_Records to process_.

★ ★ ★ ★ ★ ★ ★

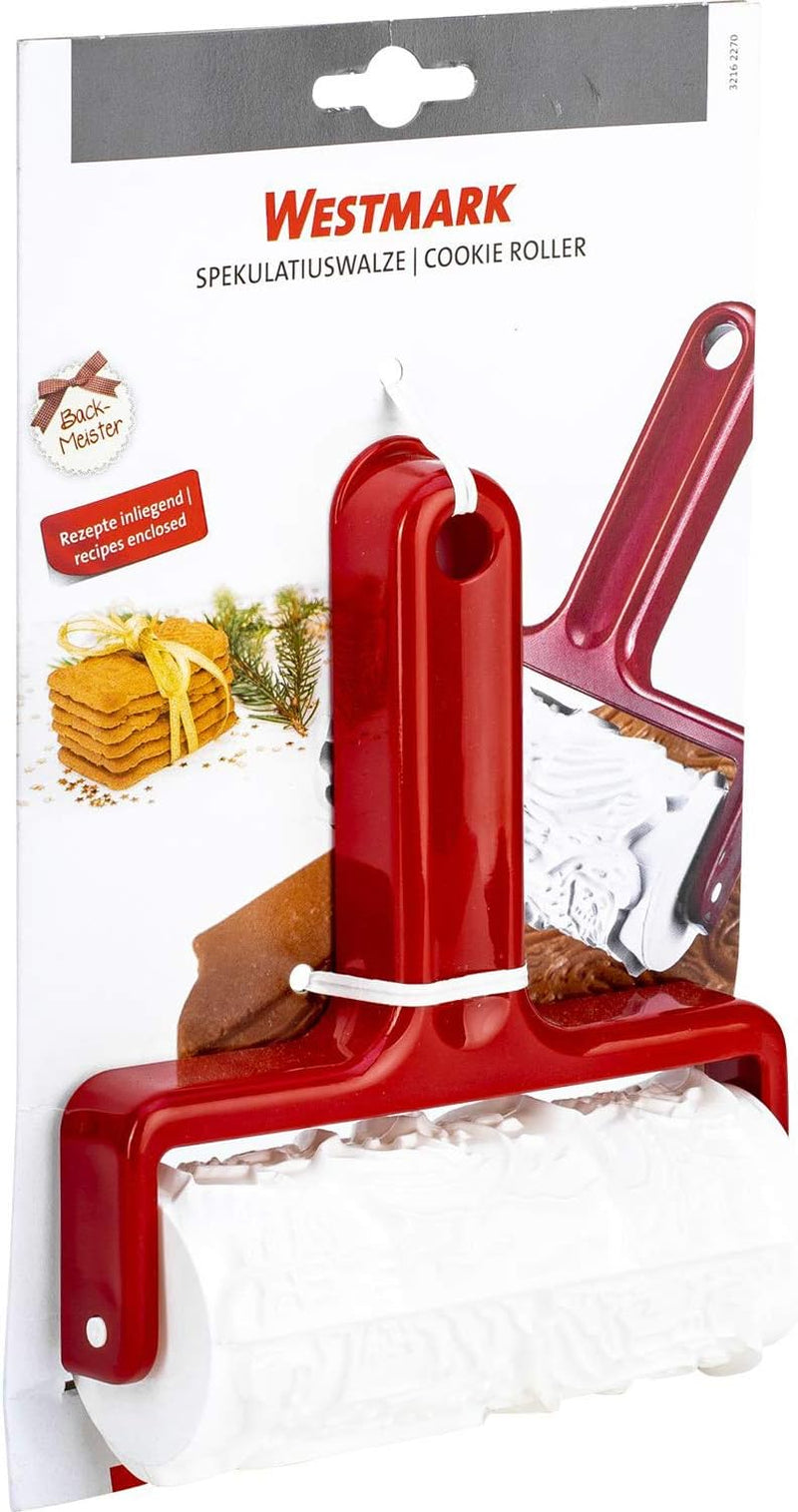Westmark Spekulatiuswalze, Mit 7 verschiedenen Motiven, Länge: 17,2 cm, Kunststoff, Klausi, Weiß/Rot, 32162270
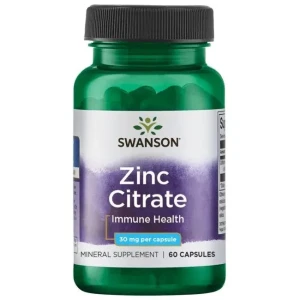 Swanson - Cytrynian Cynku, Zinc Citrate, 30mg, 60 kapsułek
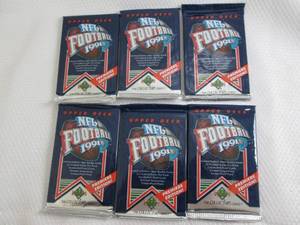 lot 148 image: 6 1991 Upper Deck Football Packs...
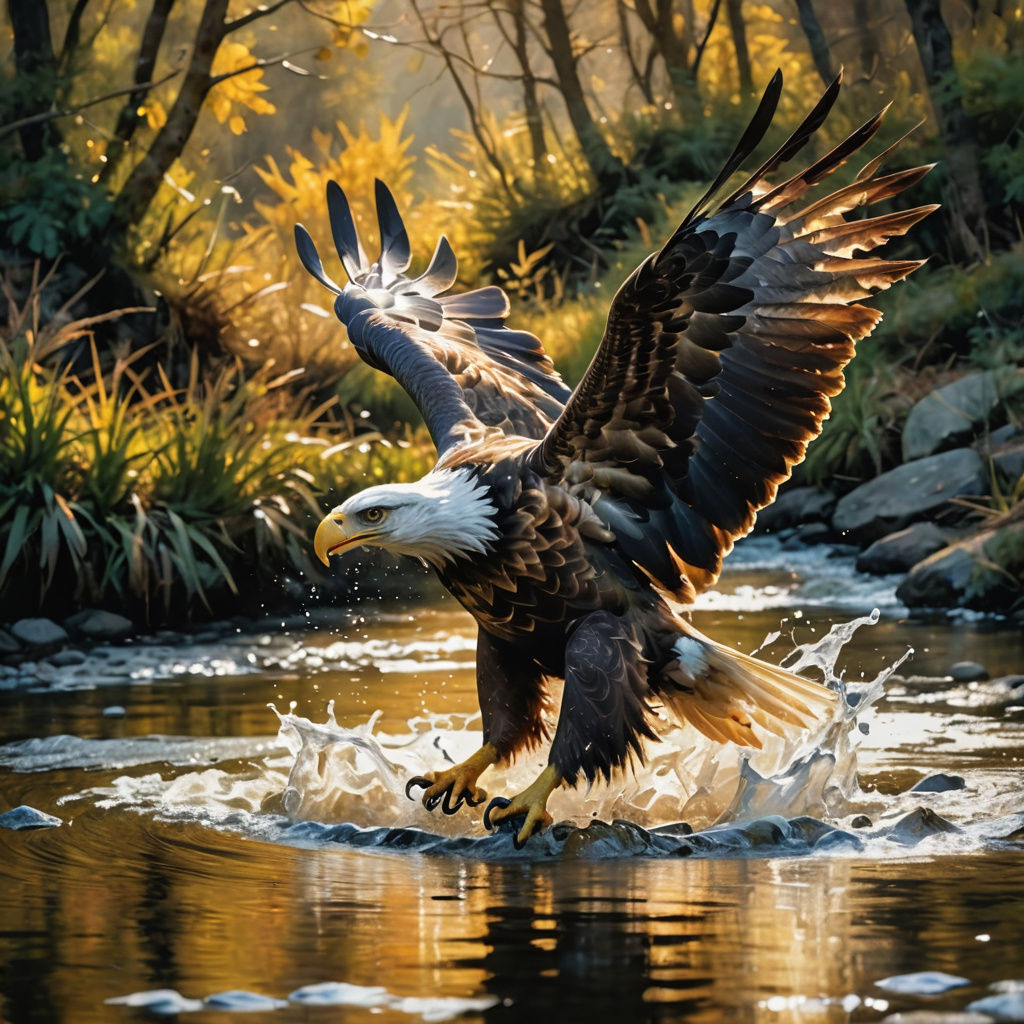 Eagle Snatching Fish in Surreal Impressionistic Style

★ ★ ★ ★ ★ ★ ★

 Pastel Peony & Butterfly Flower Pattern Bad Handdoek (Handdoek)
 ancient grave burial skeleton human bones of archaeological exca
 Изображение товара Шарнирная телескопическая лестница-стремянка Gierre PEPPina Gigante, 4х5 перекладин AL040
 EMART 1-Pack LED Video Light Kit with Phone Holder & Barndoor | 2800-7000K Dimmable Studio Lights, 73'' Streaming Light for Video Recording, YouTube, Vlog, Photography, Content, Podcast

★ ★ ★ ★ ★ ★ ★

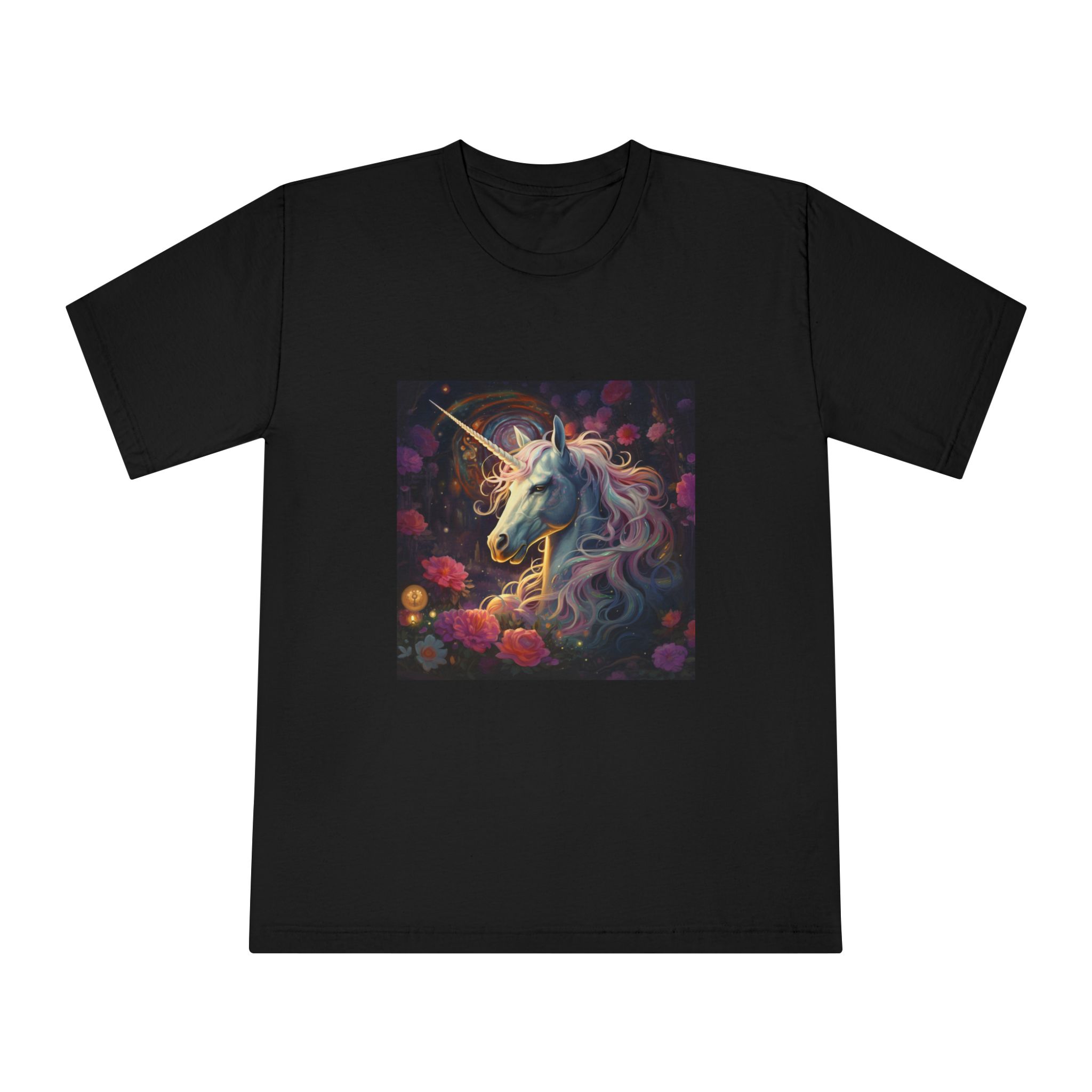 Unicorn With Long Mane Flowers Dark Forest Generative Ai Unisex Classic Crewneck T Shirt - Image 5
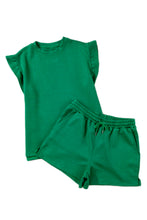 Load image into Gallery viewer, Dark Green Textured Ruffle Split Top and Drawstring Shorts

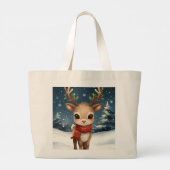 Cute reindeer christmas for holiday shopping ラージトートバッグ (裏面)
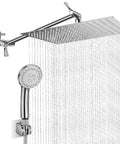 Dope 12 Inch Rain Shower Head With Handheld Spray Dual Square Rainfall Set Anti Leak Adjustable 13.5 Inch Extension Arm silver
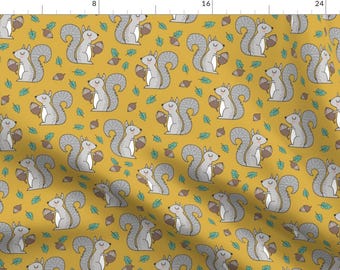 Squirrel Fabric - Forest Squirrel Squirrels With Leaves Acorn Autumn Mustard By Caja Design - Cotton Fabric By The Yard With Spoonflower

★ ★ ★ ★ ★ ★ ★

Only the lines above starting with the line with "Westmark Spekulatiuswalze, Mit" and going on through the line with "Eagle Snatching Fish" belong in the answer; repeat them exactly, minus any picture.

Westmark Spekulatiuswalze, Mit 7 verschiedenen Motiven, Länge: 17,2 cm, Kunststoff, Klausi, Weiß/Rot, 32162270
 Swanson - Cytrynian Cynku, Zinc Citrate, 30mg, 60 kapsułek
 lot 148 image: 6 1991 Upper Deck Football Packs...
 Eagle Snatching Fish in Surreal Impressionistic Style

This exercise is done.